CAP_SYS_RAWIO mean the process has a direct hardware access privilege
(eg X.org, RDB). and then, killing it might makes system crash.
In another story, somebody doubt 4x bonus is good or not. but 3% has
the same problem.
> the victim should not directly access hardware devices like Xorg server,
> because the hardware could be left in an unpredictable state, although
> user-application can set /proc/pid/oom_score_adj to protect it. so i think
> those processes should get bonus for protection.
>
> in v2, fix the incorrect comment.
> in v3, change the divided the badness score by 4, like old heuristic for protection. we just
> want the oom_killer don't select Root/RESOURCE/RAWIO process as possible.
>
> suppose that if a user process A such as email cleint "evolution" and a process B with
> ditecly hareware access such as "Xorg", they have eat the equal memory (the badness score is
> the same),so which process are you want to kill? so in new heuristic, it will kill the process B.

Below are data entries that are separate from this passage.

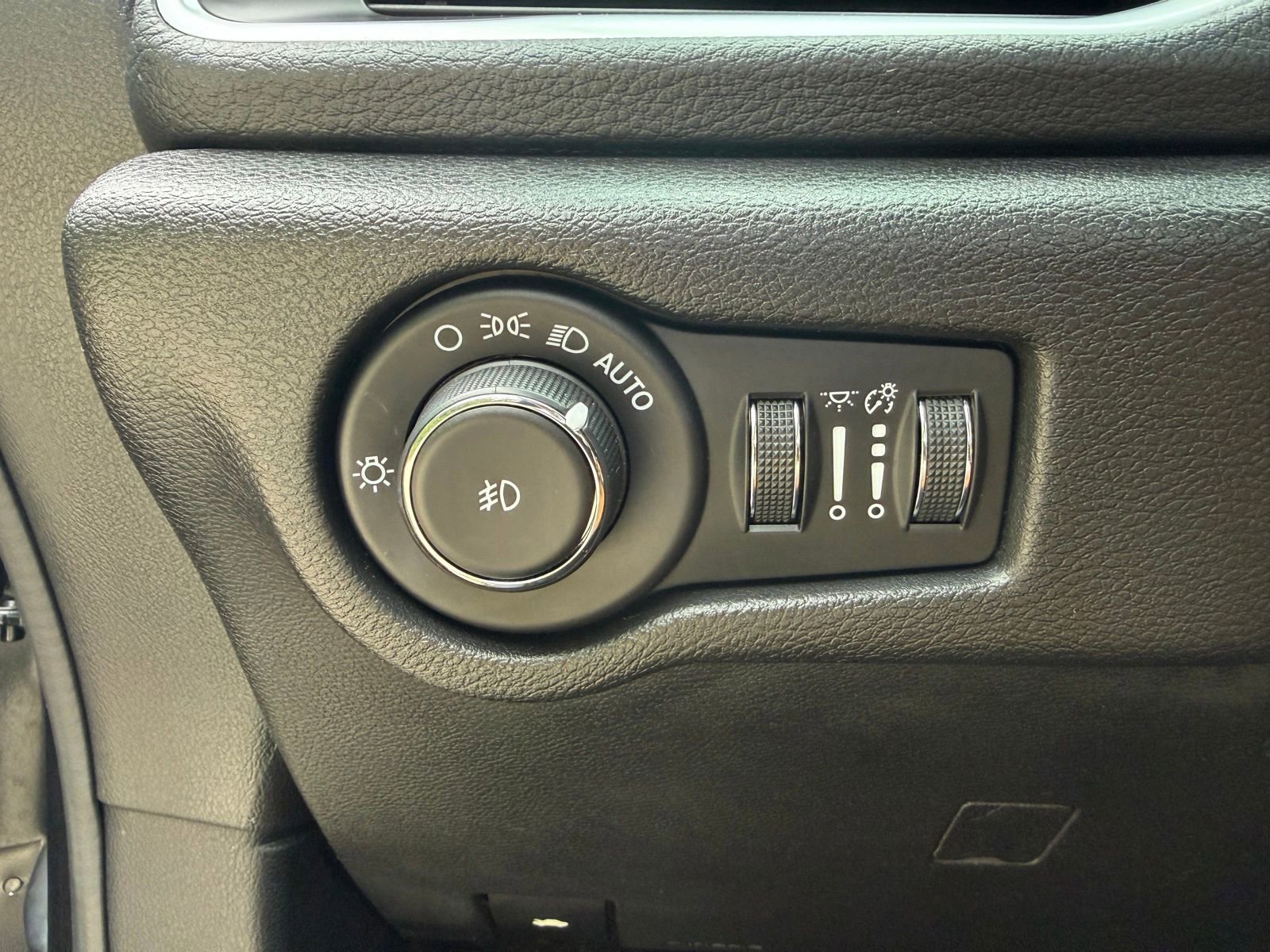 Used 2021 Chrysler Pacifica Pinnacle AWD/4WD image 12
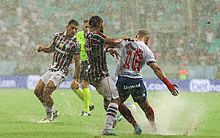 Bahia vira sobre o Flu e vence a 1ª no Brasileiro em jogo paralisado pela chuva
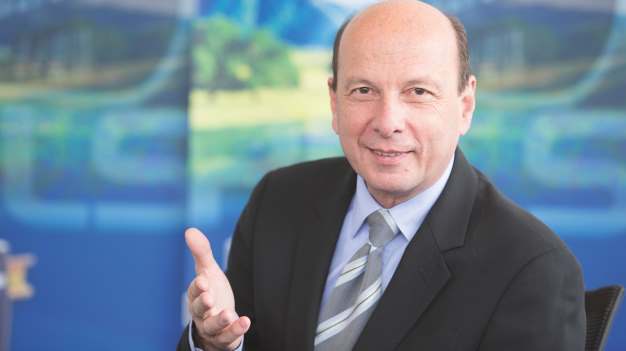 Bernhard Erdl, Puls: »Der Wirkungsgrad eines Netzteils ist ein Werkzeug, um eine möglichst hohe Zuverlässigkeit und Lebensdauer zu erreichen. Entscheidend ist jedoch das thermische Design. Wer dort falsche Kompromisse eingeht, dem hilft auch kein hoher Wirkungsgrad mehr.«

> but in reality, we want to kill process A.
>
> Signed-off-by: Figo.zhang <[email protected]>
> Reviewed-by: KOSAKI Motohiro <[email protected]>
Sorry for the delay. I've sent completely revert patch to linus. It will
disappear your headache, I believe. I'm sorry that our development
caused your harm. We really don't want it.
Thanks.
> ---
> mm/oom_kill.c | 9 +++++++++
> 1 files changed, 9 insertions(+), 0 deletions(-)
>
> diff --git a/mm/oom_kill.c b/mm/oom_kill.c
> index 4029583..f43d759 100644
> --- a/mm/oom_kill.c
> +++ b/mm/oom_kill.c
> @@ -202,6 +202,15 @@ unsigned int oom_badness(struct task_struct *p, struct mem_cgroup *mem,
> points -= 30;
>
> /*
> + * Root and direct hareware access processes are usually more
> + * important, so they should get bonus for protection.
> + */
> + if (has_capability_noaudit(p, CAP_SYS_ADMIN) ||
> + has_capability_noaudit(p, CAP_SYS_RESOURCE) ||
> + has_capability_noaudit(p, CAP_SYS_RAWIO))
> + points /= 4;
> +
> + /*
> * /proc/pid/oom_score_adj ranges from -1000 to +1000 such that it may
> * either completely disable oom killing or always prefer a certain
> * task.
>
>
On Sun, 14 Nov 2010, KOSAKI Motohiro wrote:
> > So the question that needs to be answered is: why do these threads deserve
> > to use 3% more memory (not >4%) than others without getting killed? If
> > there was some evidence that these threads have a certain quantity of
> > memory they require as a fundamental attribute of CAP_SYS_RAWIO, then I
> > have no objection, but that's going to be expressed in a memory quantity
> > not a percentage as you have here.
>
> 3% is choosed by you :-/
>
No, 3% was chosen in __vm_enough_memory() for LSMs as the comment in the
oom killer shows:
/*
* Root processes get 3% bonus, just like the __vm_enough_memory()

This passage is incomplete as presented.